As more food manufacturing facilities continue to implement and comply with the Global Food Safety Initiative (GFSI) Audit Schemes, they are also required to conduct Internal Audits of their Foods Safety Management Systems. Meeting these GFSI requirements involves developing a strong internal audit program that utilizes internal resources and trained auditors to perform internal audits. Lack of a properly designed or implemented internal audit program is one of the most common GFSI non-conformances.

Internal audit is a complete review of the food safety system against major GFSI Audit Schemes, like SQF or BRCGS Standards. Internal audits are to be conducted by the company’s own trained staff and involves more than just a GMP inspection of the facility or verification of the Critical Control Points. The internal audit team should be multi-disciplinary, so that they can independently and objectively audit different departments, functions, and processes within the organization. The internal audit team should understand the audit plan, schedule, procedure, documentation and objective of the internal audit process, including the GFSI Checklist and Standard. Internal auditing involves a systematic, planned, independent and documented process for obtaining evidence to review and evaluate against pre-arranged standard requirements. There are many reasons a facility should conduct internal audits and some examples may include preparing for third party audits, satisfying program requirements, creating records of due diligence, driving continual improvement, identifying improvement opportunities, and verifying compliance to standard.

Key steps to conducting an Internal Audit consist of the Plan, Do, Check and Act (PDCA) Cycle, also known as the Deming Wheel.

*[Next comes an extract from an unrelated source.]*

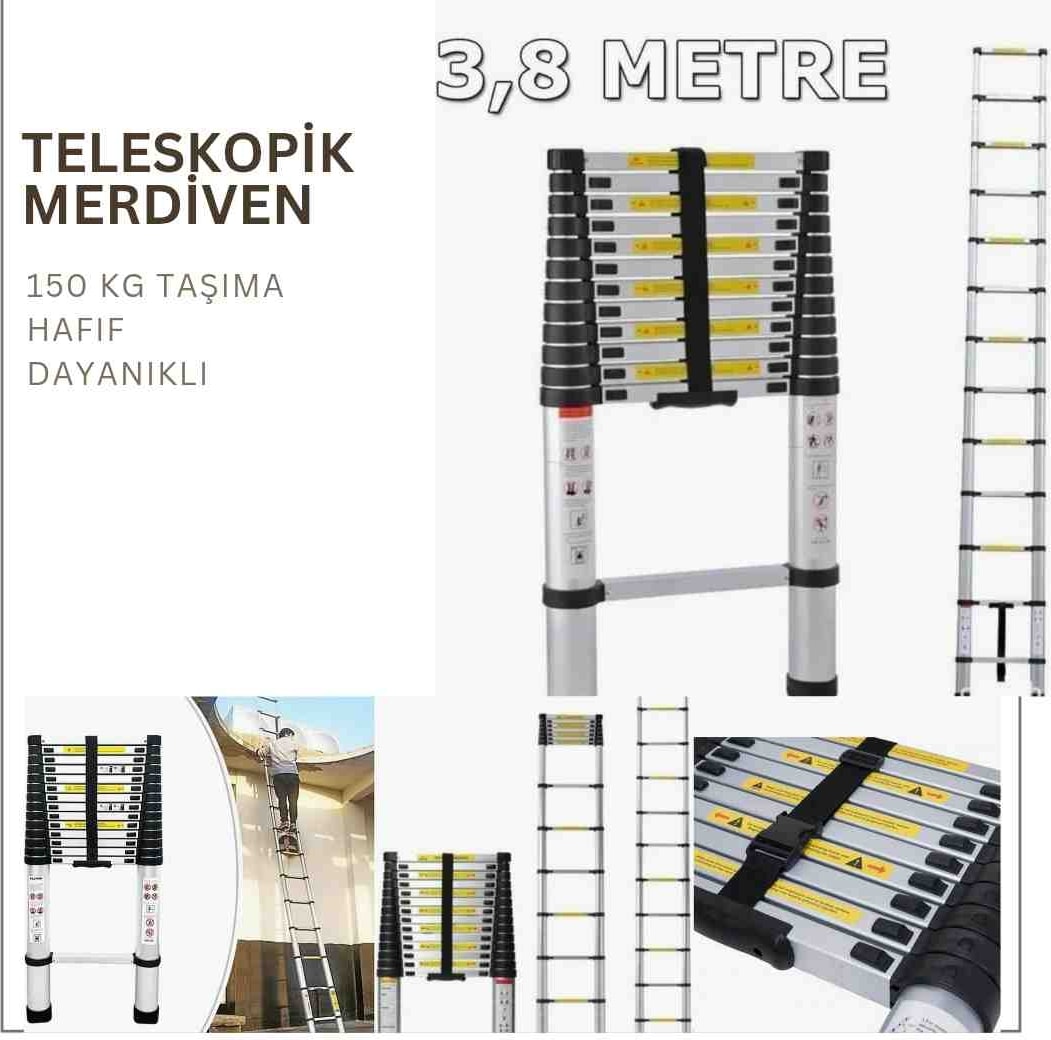 13 Basamaklı Teleskopik Merdiven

The PDCA cycle is a repetitive four stage cycle and is used for continuous improvement in many business processes.

Plan

Establish the objective or define the scope of the audit and create an annual schedule. Selecting and training of the internal auditors are also key components of the planning step.

Do

Implement the plan or execute the process, which involves the collection of information for evaluation. Look for deviations in the implementation against the plan and check for appropriateness and completeness. This step involves utilizing the Internal Audit Checklist Tool for assessment and includes conducting risk assessment of non-conformities according to standard classification of Critical, Major, and Minor Non-conformities.

Check

This step includes writing the non-conformity report and assigning responsibility and deadlines for conducting root cause analysis and corrective action.

Act

Follow-up with the corrective actions in the check step and verify that the corrective actions are effective and will prevent future re-occurrence.

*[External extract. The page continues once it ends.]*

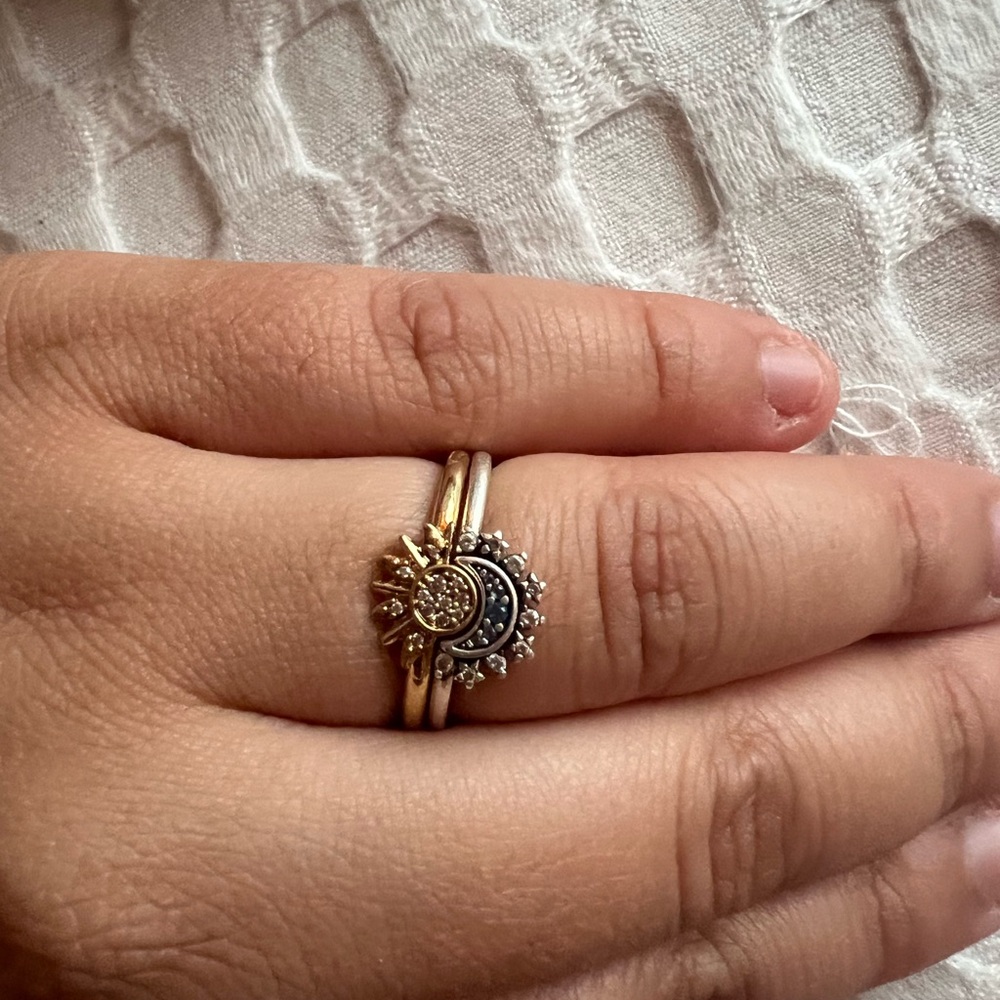 Gold and Silver Sun and Moon Ring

The internal auditor’s main goal is to verify and provide supporting evidence that the program audited either complies with or does not comply with the established requirement or standard. The internal auditor should not just interview the personnel but also review policy, procedures, and records; observe, and evaluate all the collected information to confirm that it is meeting the planned and established standard. Once the Internal Audit have been concluded; the auditor will conduct a closing meeting with the appropriate department staff, confirm the scope or area covered during the audit, read out non-conformities (where appropriate), assign responsibility, agree to corrective actions with deadlines and thank everyone for their time and cooperation.

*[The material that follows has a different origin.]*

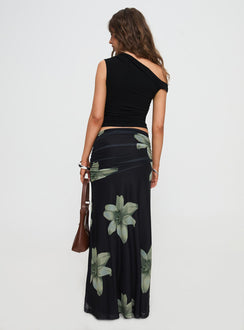 back view of model wearing Princess Polly Cooperi Maxi Skirt Black Floral Maxi Skirts Skirts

There are many challenges facilities face when conducting internal audits and but there are some recommendations that will help overcome many of these challenges.

  • Develop Internal Audit Program objectives with Senior Management to include reducing non-conforming product, promoting continuous improvement, passing the GFSI Audit, and meeting customer and regulatory specifications.
  • Manage internal audits as a separate program that include procedures, trending analysis, formal training, cross department representation, and increasing the size of the internal auditing team.
  • Ensure the internal audit is an official event and do not let other work interfere with audit completion or reporting. This includes making sure everyone treats this seriously and formalizing the audit to include a set schedule, opening meeting, closing meeting, audit checklist, and non-conformity report provided in a timely manner.
  • Ensure internal auditors are objective and only collect evidence or facts. Do not attempt to voice opinion or argue. Do not provide advice and attempt to fix non-conformities during the audit (unless there are critical food safety hazards present). Do not interfere with production activities. Take pictures for training purposes and reduce audit bias by having a cross-function internal audit team.
  • Train internal auditors to properly communicate by asking open-ended questions and avoiding sarcasm, tricky questions, leading questions, ambiguous questions and multiple questions. Internal auditor needs to be professional, objective, open, and honest when interviewing facility personnel. This also includes avoiding poor body language or facial expression and using an appropriate and respectful tone of speech.
  • Internal Auditor must always remember to audit the system and not the person.

Internal audit non-conformity report must be written in a timely manner and provide routine updates to Senior Management.